Na Carta Magna, a relação de trabalho no serviço público é estabelecida de forma diferente do setor privado. Contudo, ao longo dos anos, as diferenças nos direitos previdenciários entre o setor público e privado reduziram consideravelmente e algumas regras já são mais penosas para os servidores. Exemplo é que para os servidores públicos já foi estabelecida a idade mínima para a aposentadoria por tempo de contribuição, 55 anos para mulheres e 60 para homens, o que ainda não é determinado para o RGPS. Em 2003, com Emenda Constitucional 41, os servidores perderam a integralidade da aposentadoria, isto é, o benefício deixou de ser o último salário e passou a ser a média dos 80 % maiores salários. Portanto, todos aqueles que ingressaram no serviço público após a 2003, ficaram submetidos a essa nova regra. A mudança mais recente para os servidores públicos da União foi em 2012, com a instituição da previdência complementar, de forma que todos os novos servidores públicos da União que ingressaram a partir de 2013 já têm suas aposentadorias básicas limitadas ao mesmo teto do RGPS. Portanto, diferentemente do que parte da sociedade brasileira acredita, reformas previdenciárias anteriores já alteraram os benefícios dos servidores públicos, tornando-os próximos aos dos demais trabalhadores.
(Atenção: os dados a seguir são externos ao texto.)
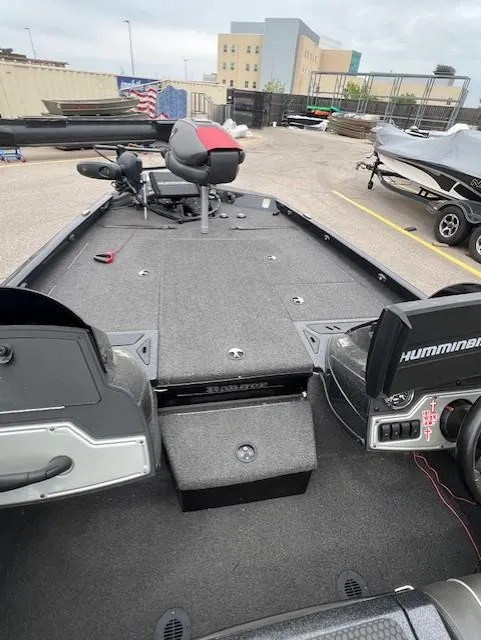 Slide: The Image of 2018 Ranger RT 198P fishing boat with spacious deck and modern controls. - 11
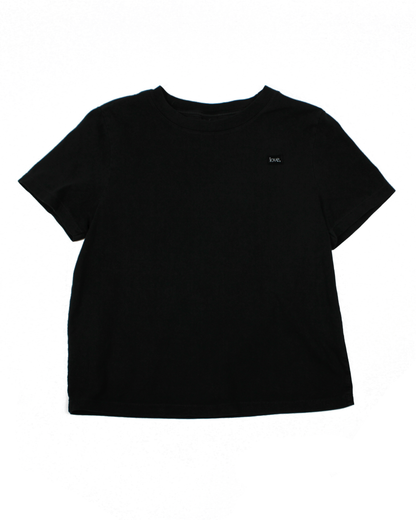 Black t-shirt with a small logo on a white background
Em 2003, com Emenda Constitucional 41, os servidores perderam a integralidade da aposentadoria, isto é, o benefício deixou de ser o último salário e passou a ser a média dos 80 % maiores salários.
A Proposta de Emenda Constitucional 06/2019 pretende mudar as regras de concessão de benefícios do RGPS e do RPPS, mas algumas mudanças serão maiores para os servidores. Para ambos os regimes, as alíquotas de contribuição serão progressivas, de acordo com a faixa salarial; as idades mínimas de aposentadoria serão de 62 anos para mulheres e 65 anos para os homens; para professores e professoras a idade mínima será de 60 anos e 30 anos de contribuição; a pensão por morte será equivalente a 60% + 10% por dependente adicional da Média dos Salários de Contribuição, mas poderá ser desvinculada do salário mínimo, ou seja, seus valores poderão ser inferiores ao salário mínimo; e o cálculo do benefício será 60% + 2% por ano de contribuição que exceder 20 anos x Média dos Salários de Contribuição (100%) e o valor do benefício está limitado ao teto do INSS.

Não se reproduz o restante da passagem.